What steps can be taken to enhance action by Member States and the
Organization to combat impunity and strengthen universal justice
The second item that I was asked to address is what steps can be taken
to enhance action by Member States and the Organization to combat
impunity and strengthen universal justice.
First of all it should be noted that the approach to the international
rule of law thus far has been somewhat imbalanced, focusing strongly
and almost exclusively on individual criminal responsibility and
criminal justice and excluding responsibility of states and
international organizations. International responsibility of all
subjects of international law is key to any concept of the
international rule of law.
If I nonetheless confine myself to criminal justice, it seems that the
key elements of the way forward here are clear: strengthening
adherence to the ICC, and supporting its work through effective
cooperation.
However, it is clear that this will cover only a very narrow part of
what is necessary to combat impunity. Here too, an inextricable link
exists between the international and the national level. A combination
of jurisdictional limits, limits to trial possibilities, enforcement
limitations and protection of sovereign entitlements of states imply
that the vast majority of trials of individuals suspected of
perpetrating criminal offences in the context of mass atrocity
situations is expected to take place before the domestic courts of the
state in whose territory the events took place, or in the state of
nationality of the perpetrators.
In the 2004 report on transitional justice it still was written that
depite the possibilities at national level, effort should be made to
strengthen justice at the national level. I would think that if this
report were written now, the emphasis would be laid in the ohter
direction.
Domestic trials do not only present a way to reduce costs and improve
enforcement capabilities, they may also enjoy greater social
legitimacy than trials conducted by international courts that are far
removed from the events discussed on trial and are sometimes accused
of being ignorant of local conditions and history, offering the
accused an inhospitable forum, and embracing a selective approach
toward some parties to some conflicts.
In addition to strengthening the ICC, then, combating impunity will
require a strengthening of domestic capacity. This is to some extent a
question of domesticating appropriately international crimes. It is
more a matter of institutional power, independence and ability to
conduct trials in post conflict setting. Of the many points that
require action, let me just mention two.
First, there is a need to optimize the the impact of international
court procedures on domestic procedures for putting to trial the
perpetrators of mass atrocities. This may include the formation of
formal – or semi-formal links between national and international
courts, closer alignment of procedures and work methods, the
generation of incentives for national courts to prosecution,
reallocation of budgets, sharing of staff, lending of support by
international to the operation of national courts, etc. Such policies
would reflected that at least to some extent, international and
domestic criminal courts are involved in a common endeavour to secure
justice, and do not operate in isolation. At present we are conducting
a major project for the EU on this topic, and the outcomes may well of
interest to the work of the UN on rule of law promotion.

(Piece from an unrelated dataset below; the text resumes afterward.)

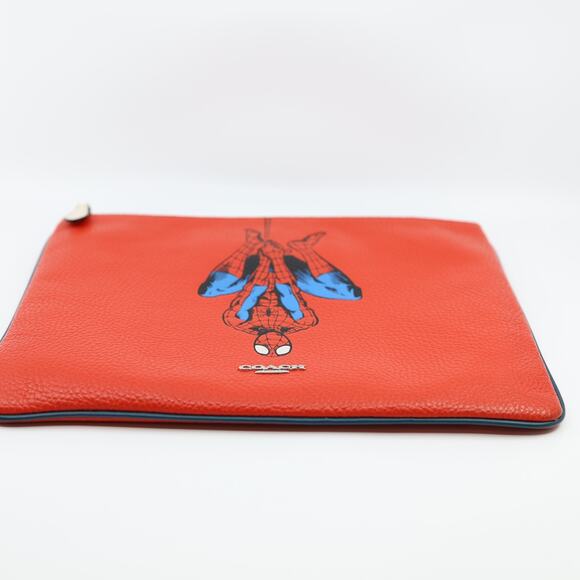 D0 Flawless COACH x MARVEL Larg Pouch SPIDER-MAN Limitted Edition Bag D2080-1826 - Picture 7 of 7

Second, we also need to recognize that international criminal courts
may not be best positioned to strengthen the capacity of national
courts. After all, they are organized with a view to conduct trials,
not to engage in capacity buildigng or judicial training. It thus is
important that better links are established between the activities of
international courts, on the one hand, and the variety of rule of law
supporting procedures, througth the UN or otherwise, on the other.
Improving domestic criminal justice thus will require a partnership
between UN, international criminal tribunals that may operate outside
the framework of the UN , and a variety of other institutions.
3.
How can the role of the United Nations, including the
International Court of Justice, in the peaceful settlement of
disputes be strengthened and what steps can be taken to promote
other international dispute resolution mechanisms
The third item that I was asked to address was ‘How can the role of
the United Nations, including the International Court of Justice, in
the peaceful settlement of disputes be strengthened and what steps can
be taken to promote other international dispute resolution mechanisms’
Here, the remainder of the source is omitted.